Former pipefitter Margaret Bailey is one of the first graduates of the Savannah Morning News Neighborhood Newsroom. After studying journalism at the paper for two hours on weeknights through the month of June, in classes led by Morning News editors, Bailey and several of her fellow students began writing stories for Closeup.

“I feel I bring something new and different to the paper,” said Bailey, who’s already had half a dozen stories since graduating from the program. “When I first went to the paper, [editor Steve Corrigan] said, ‘See all the faces here. There’s no black faces and I need to change that; to get another perspective on the community, to get how other people think.’ So I think with more minority writers, it gives a different perspective about what’s important.”

Morning News managing editor Dan Suwyn came up with the program, looking not just for ethnic diversity but also for a way to penetrate communities of people who are often overlooked by newspapers.

“Back in the old days,” said Suwyn, “you had a lot more working people in the newsroom. Different kinds of people became journalists.
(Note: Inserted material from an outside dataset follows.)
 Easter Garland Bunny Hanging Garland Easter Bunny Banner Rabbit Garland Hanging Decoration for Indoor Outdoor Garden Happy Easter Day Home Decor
I like the idea of reaching into communities you want to get into and getting people into the paper, rather than us trying to get into their neighborhoods.”

So the paper went to local colleges and community centers with writing programs and asked them to nominate students for the program. Closeup editor Corrigan agreed to run it. He put together a strenuous application, asking for a 350-word essay and two shorter essays. From about two dozen applicants, he chose a class of 10.
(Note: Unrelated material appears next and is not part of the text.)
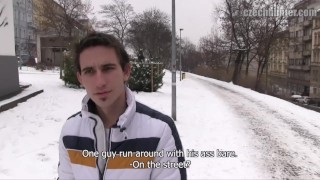  CZECH HUNTER 395 - Cute Hunk Whips Out His Dick In The Snow Then Goes All In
“I wanted to see that they could at least form sentences, if they had any kind of an eye for detail or turn of phrase,” said Corrigan. “More than anything, you couldn’t fill out this application in five minutes. It took some commitment.”

Nine of the 10 applicants Corrigan selected took the course. All were women; they ranged in age from their 20’s to their 50’s. Six were African-American, one was Latino and two were white. They were paid $400 to attend 32 hours of classes.
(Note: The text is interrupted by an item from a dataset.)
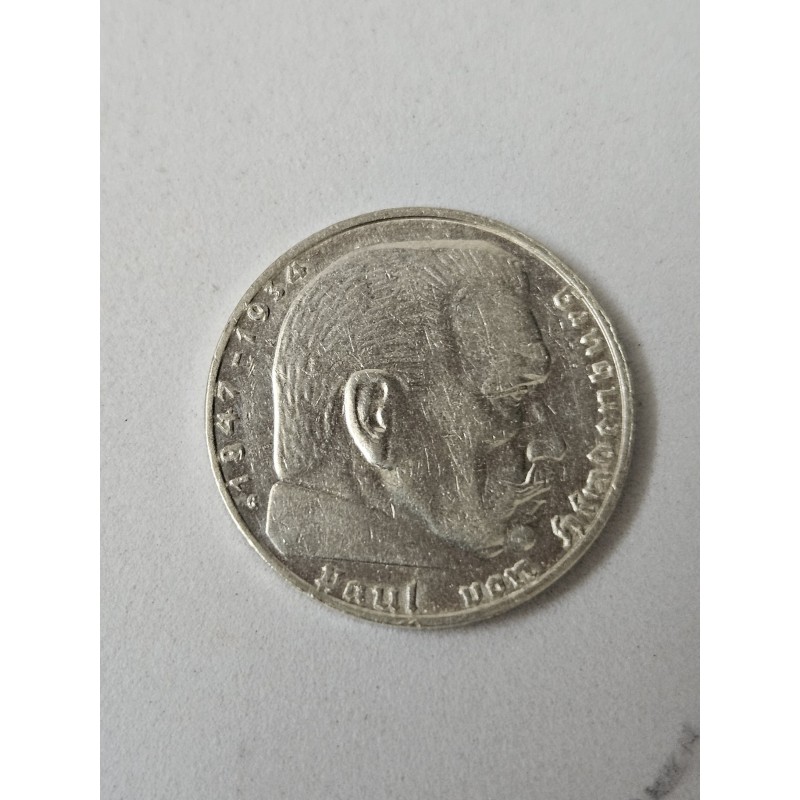 Moeda da Alemanha 2 reichmarks 1938 prata Suastica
Classes were held from 7-9 p.m., Monday through Thursday, on topics such as interviewing sources, taking notes, writing leads, revising stories and taking pictures. Top editors from the paper taught the course.

Corrigan gave writing assignments each week and edited the stories mercilessly. “I was tough,” he admitted. But Bailey, for one, didn’t mind. “I needed that,” she said.”I don’t need anyone to baby me. My goal is to get on page 1-A so I needed someone to point out my errors.”

Suwyn and Corrigan said they would have been happy if even half the students stayed with the program.

But all nine students did, indeed, graduate. Six have had stories published. Corrigan says it is still a lot of work to edit the writing into shape for publication but he believes his former students are absorbing the most important aspects of the profession. For instance, he sent Bailey to do a feature on a woman about to turn 110 but, in interviewing her relatives, Bailey found some discrepancy about her actual age and put off the story until she could confirm the woman’s birth date. Her wariness and her concern for accuracy pleased Corrigan.

Bailey, in turn, seems thrilled with her new career. She recently got her first written feedback, a letter from the Rotary Club president praising her coverage of a meeting with the lieutenant governor. “‘We will vote for your Pulitzer’,” she quotes from the letter. “I was just so proud of that.

“My sister says, ‘I just can’t believe they print what you write.’ And I’m still very nervous. I’m still in awe that I’m going to the paper and they’re going to look at something I’ve written. But I tell Steve, I want page 1-A.”

Corrigan thinks she has a good chance of getting there. Three of his former Closeup correspondents are now on the Morning News staff. One is a bureau chief.

And Suwyn makes it clear he wants the Neighborhood Newsroom graduates to succeed. He believes the program is a good way for a small paper like the Morning News to recruit a diverse staff, given the competition from big papers for talented minority journalists.

“We need to keep reaching out,” said Suwyn. “We’ll do it again next year. And if some of them get so good they go to The New York Times or The Washington Post, that’s even better.”